----- Supplied data
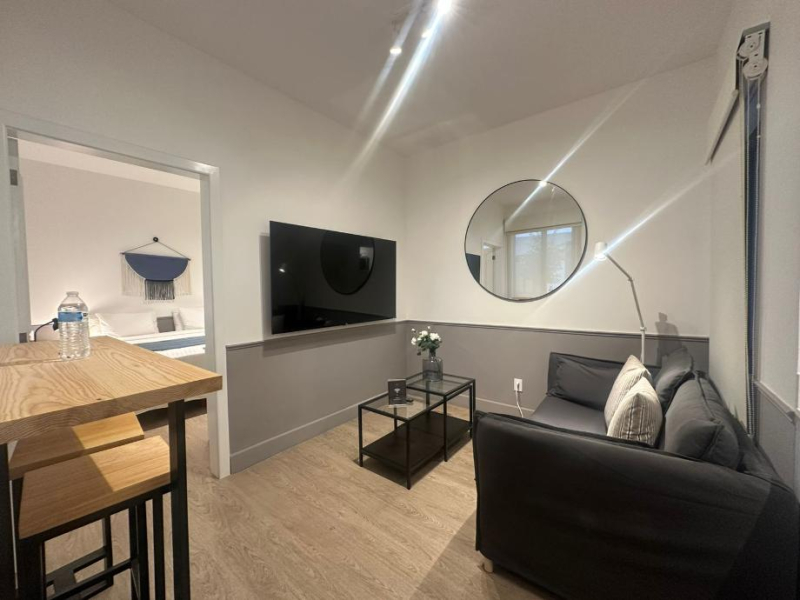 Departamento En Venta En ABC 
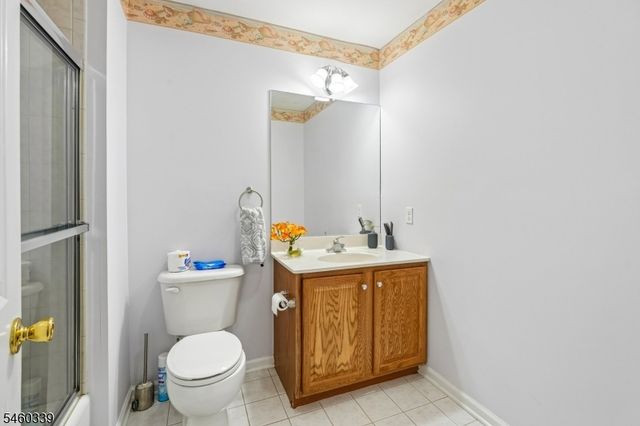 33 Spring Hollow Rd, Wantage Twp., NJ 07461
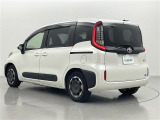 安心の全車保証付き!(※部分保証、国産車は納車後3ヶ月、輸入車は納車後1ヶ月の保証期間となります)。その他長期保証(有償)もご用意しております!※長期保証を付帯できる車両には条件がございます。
----------
**Requirement:**
I'd like the material above repeated exactly, with the pictures omitted.

**Exercise result:**
 Departamento En Venta En ABC 
 33 Spring Hollow Rd, Wantage Twp., NJ 07461
 安心の全車保証付き!(※部分保証、国産車は納車後3ヶ月、輸入車は納車後1ヶ月の保証期間となります)。その他長期保証(有償)もご用意しております!※長期保証を付帯できる車両には条件がございます。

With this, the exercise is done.